As the economy worsens and the value of corporate assets declines, unsecured creditors are finding that very little, if anything, is left for them at the bankruptcy table after the secured creditors have taken as much as they can from a debtor’s assets. Now, after a period of having copious credit available on attractive terms, debtors are going into bankruptcy without sufficient assets to pay even their secured creditors in full. In such circumstances, prospects for unsecured creditors are bleak indeed.  

Tough economic times exacerbate the problem in other ways, too. Chapter 11 was designed and intended to facilitate reorganizations to give the debtor-enterprise a chance to stay in business and return to profitability. Under better economic conditions, when more debtors appeared able to successfully reorganize, the creditors could look not only to the underlying asset value, but also to the expected profits from the continuing business as a source of recovery. This potential for added value gave secured creditors and unsecured creditors a reason to cooperate with each other in the reorganization planning process for the benefit of all sides.  

Increasingly, however, Chapter 11 is being used not to reorganize, but as a way to sell assets quickly. A Chapter 11 is preferable to a Chapter 7 for this purpose because the debtor’s management can remain in place and the business can be sold as a going concern. In a Chapter 7 case, a trustee takes control of the debtor and is rarely able to effectuate a going-concern sale. Yet a sale of assets, even as a going concern, will produce only a finite current benefit, with no ongoing upside for the debtor’s creditors. In such a situation, it’s not surprising that secured creditors are loath to give up value for the benefit of junior creditors, unless the courts force them to do so.  

Typically, junior creditors have argued that secured creditors should be required to make funds available from the proceeds of their collateral to pay administrative costs and for the benefit of unsecured creditors as the price for using Chapter 11 to liquidate the secured creditors’ collateral. This argument has received little support from most courts.
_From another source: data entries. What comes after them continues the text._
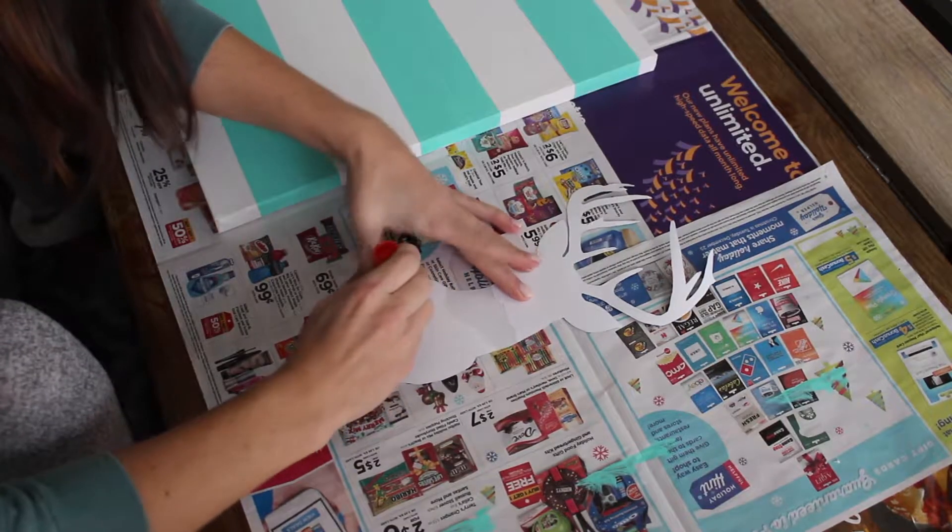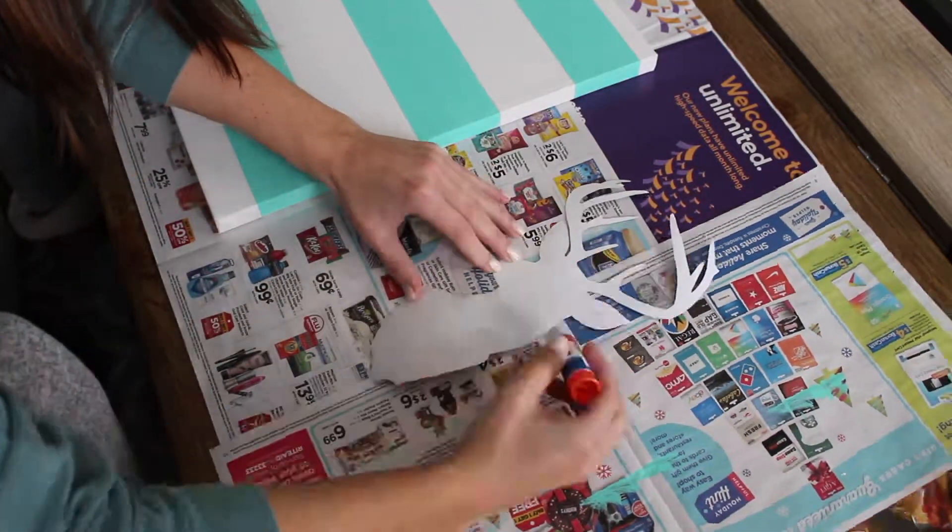Then glue the deer head to the canvas. I would suggest using a different glue than a glue stick since mine didn't stick very well.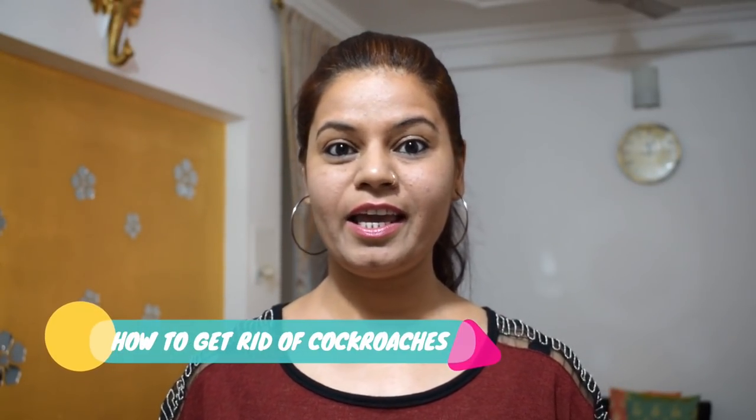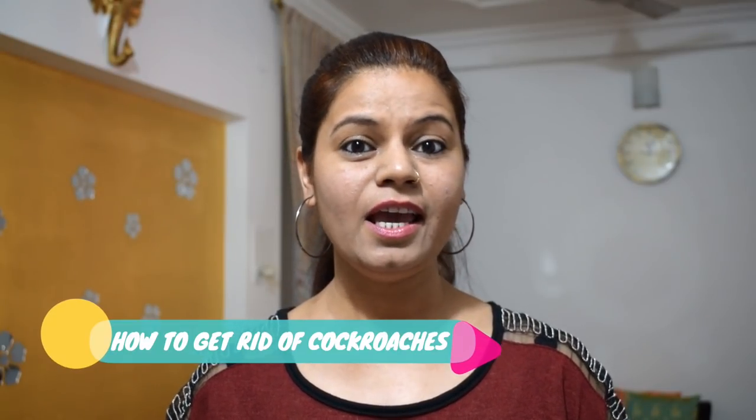Are you scared of cockroaches or you hate cockroaches? If yes, then watch this video. Hey friends, welcome back to my channel Pratima's Life and Living and I am Pratima. Yes friends, if you are scared of cockroaches or you want to never have cockroaches in your house, then watch this video till the last.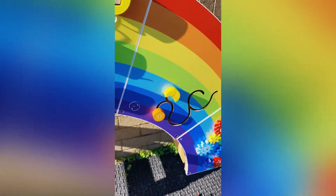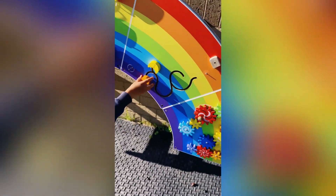I'm gonna press this one. Look, there's some gears!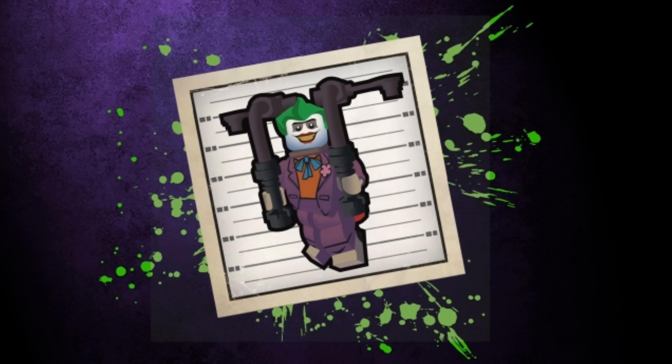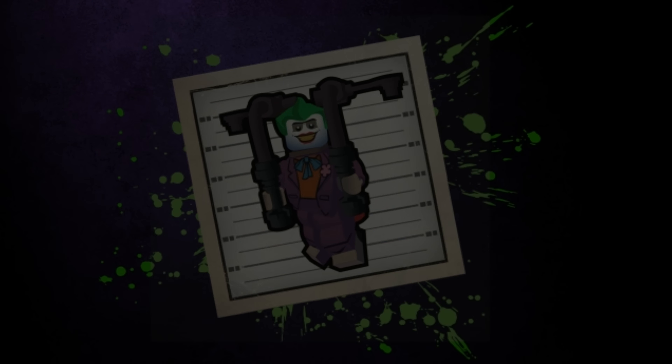Now before I wrap up this video, I should also mention that the achievement icons, which I already talked about in one of my previous videos, have now been officially released in HD, giving us a much better look at the Joker's animated series design with his Batman Mask of the Phantasm jetpack. And I've got to say, he is looking extremely cool and I absolutely cannot wait to finally play as this version of the character once the DLC pack is finally released.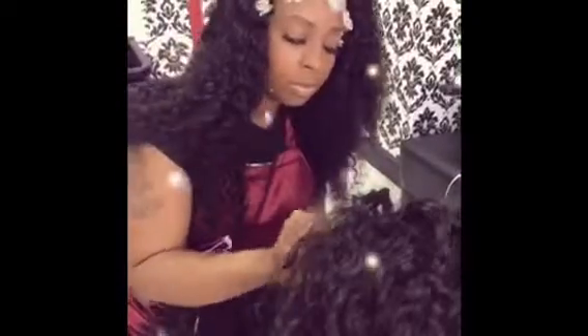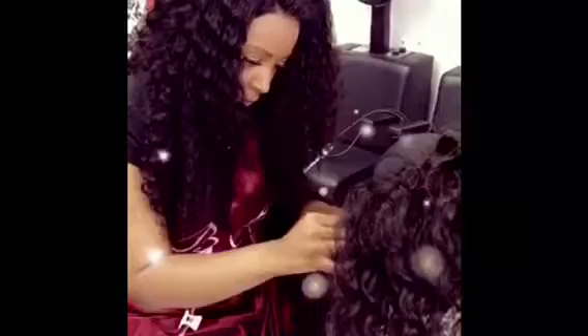Hi, thanks for tuning in for another one of my bougie girl videos. Today is just a day in the life of what I do when I make all my custom units for my clients. Here you will see me sewing a frontal unit for a client on a dome cap. I love dome caps — it makes it a little faster and easier for me to make my units.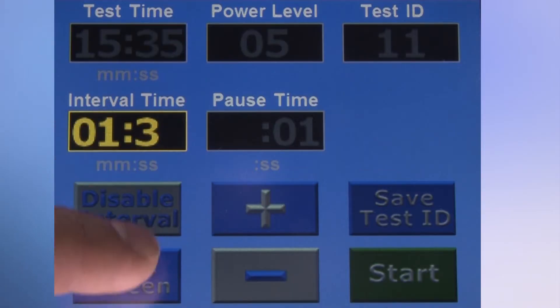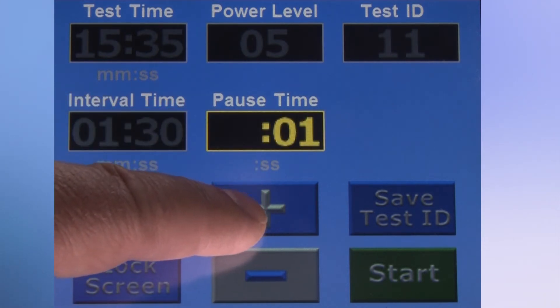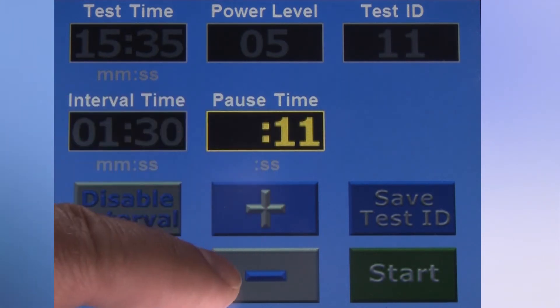This interval pause feature is fully customizable as to the length of pause time, as well as the number of pauses during the test.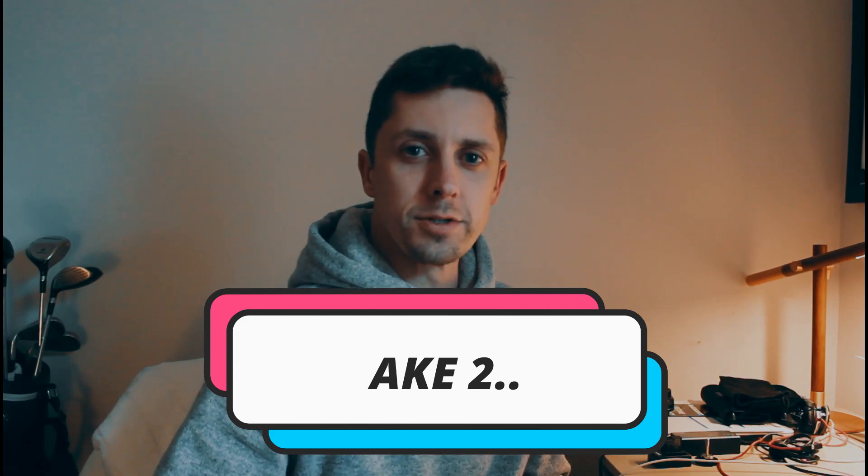Hey everyone, welcome back to another video. Scotty RFD here. Today we're going to go down to Sturgis Cycle and pick up a brand new motorcycle. It's my very first — well, first new motorcycle. I'm super, super pumped and yeah, let's just get into it. Let's go.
In particular, Delaware courts, which oversee a disproportionate share of the nation’s bankruptcies, particularly larger ones, appear willing to let secured creditors utilize the bankruptcy process for their own benefit without regard to the claims of other creditors. While courts will generally require a secured creditor to carve out funds from the proceeds of its collateral to pay lawyers and advisors for the debtor and the unsecured creditors committee, they generally won’t require more. Worse for unsecured creditors, courts sometimes allow secured creditors to get liens on the anticipated proceeds from lawsuits to recover prepetition preference payments, proceeds that are usually reserved for unsecured creditors in exchange for bankrolling the cost of the lawyers for the debtor and the unsecured creditors committee.  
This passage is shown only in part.